**RECORD EXTRACTS:**
------------------------------------------------

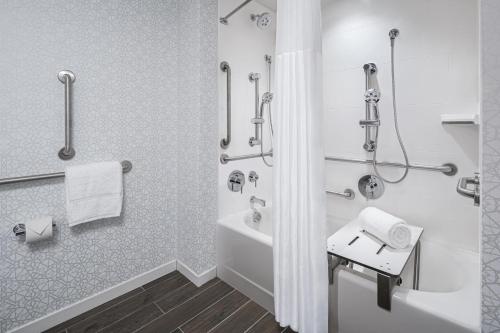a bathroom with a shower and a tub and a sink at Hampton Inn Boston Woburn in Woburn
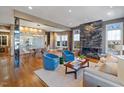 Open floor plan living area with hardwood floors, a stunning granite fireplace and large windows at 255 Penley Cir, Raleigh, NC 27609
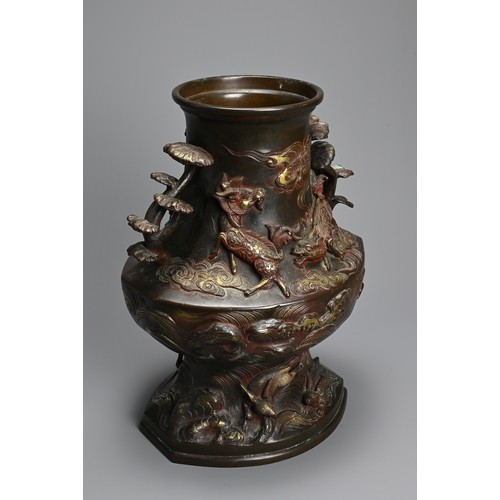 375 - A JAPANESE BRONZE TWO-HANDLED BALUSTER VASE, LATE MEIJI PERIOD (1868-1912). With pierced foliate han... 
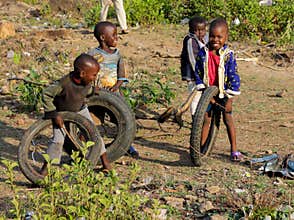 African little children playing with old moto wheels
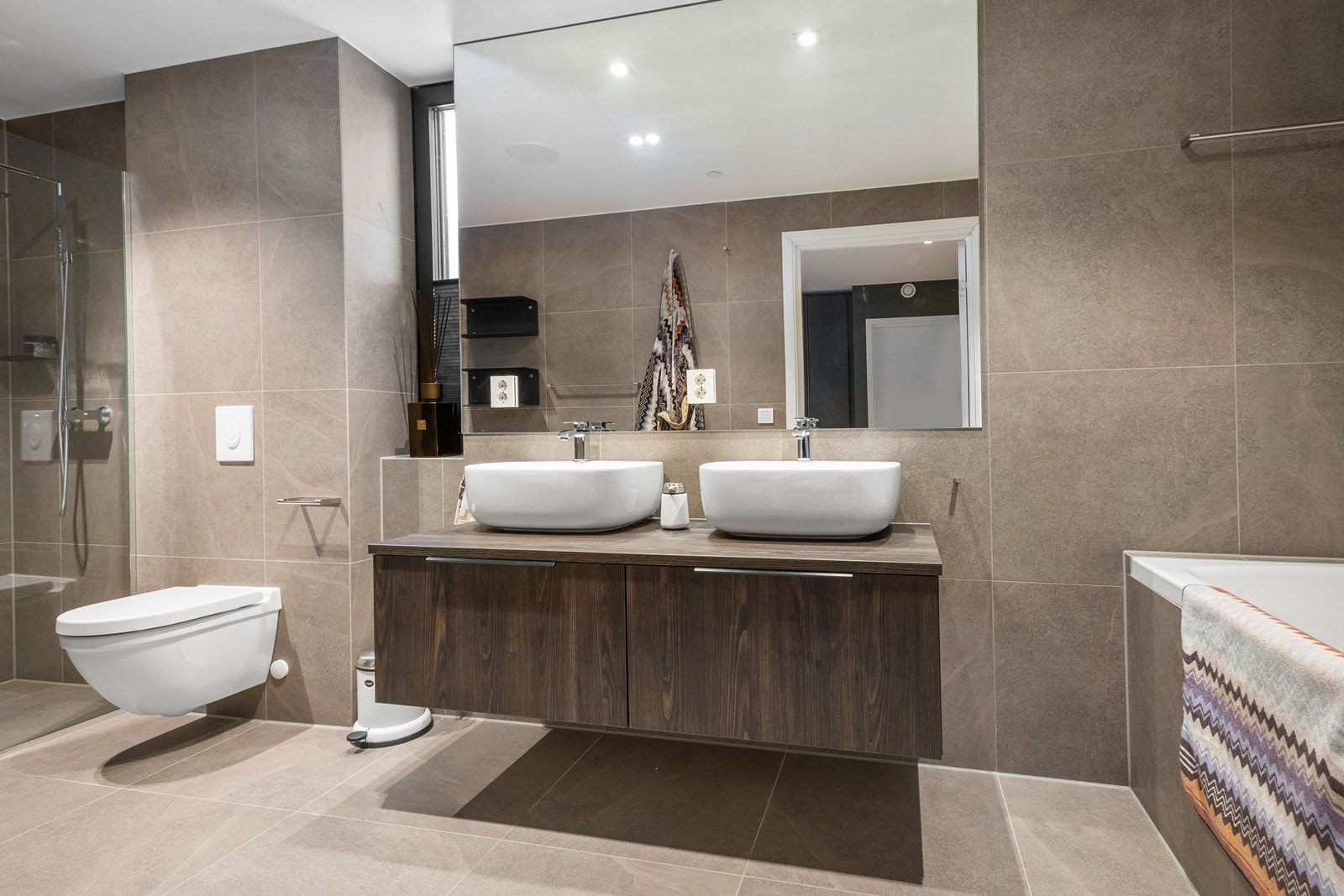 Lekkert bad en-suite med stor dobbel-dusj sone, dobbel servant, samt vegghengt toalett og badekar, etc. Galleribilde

------------------------------------------------

**TASK TO COMPLETE:** Pictures stay out. Copy exactly, and only, the lines from the one containing "375 - A JAPANESE" through the end of the data.

**EXERCISE ANSWER:**
 375 - A JAPANESE BRONZE TWO-HANDLED BALUSTER VASE, LATE MEIJI PERIOD (1868-1912). With pierced foliate han... 
 African little children playing with old moto wheels
 Lekkert bad en-suite med stor dobbel-dusj sone, dobbel servant, samt vegghengt toalett og badekar, etc. Galleribilde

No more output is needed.